Today, the council pointed to evidence heard at a number of hearings between May and November which claimed that Mr and Mrs Webster had "caused significant harm" to the eldest son and daughter and that their third child was "at risk".

A paediatric radiologist, it was revealed, had found their second child suffered rib fractures which suggested "a compressive force having been applied to the chest with enough force to break the rib".

And a number of other injuries which suggested that "all the child’s limbs were forcibly twisted on one or more occasions with enough force to cause fractures".

A child psychiatrist also reported that their daughter was a "troubled girl" who suffered from "relative emotional deprivations" while their older son was "an intensely anxious and wary child" with a sense of "uncertainty and fearfulness" when with his parents.

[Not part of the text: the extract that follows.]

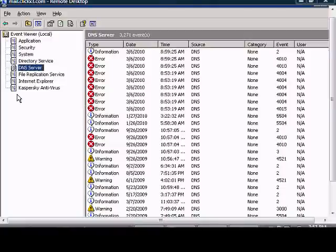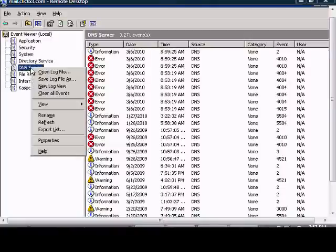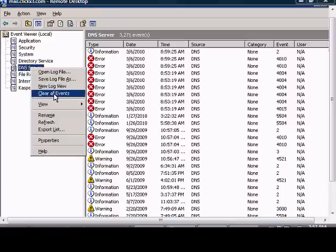In Windows 2003, in the event viewer, if you would like to clear the log files, you can right-click on the event type you'd like, and you can choose to clear all events.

Ms Harman said she was "appalled but not surprised" by the statement, adding that its selective nature further underlined the need to prise open the closed doors of the family justice system.

She said: "Northwick County Council have sought to keep this case out of the public domain, and now that it is in public they give a selective report of the family."

The lawyer added that although the Websters will never regain custody of the adopted children they want to prove themselves responsible parents by seeking to re-open the case and review the original evidence."They love their three elder children and think of them every day. They don’t intend to interrupt their placement but they do intend to do everything to clear their names. Their legal team is seeking to call an American professor in paediatrics as an expert witness to back their case."

The couple met when Mrs Webster was 13 and separated for a year following the birth of their first child.

When Mrs Webster fell pregnant - by accident - for a fourth time last year, they fled to Ireland to have the baby. They were told they could either face Irish authorities or return to England where they would be assessed once again by social services.

Emerging from the court hand-in-hand with his wife Mr Webster said: "We are very, very pleased but there’s still a long way to go."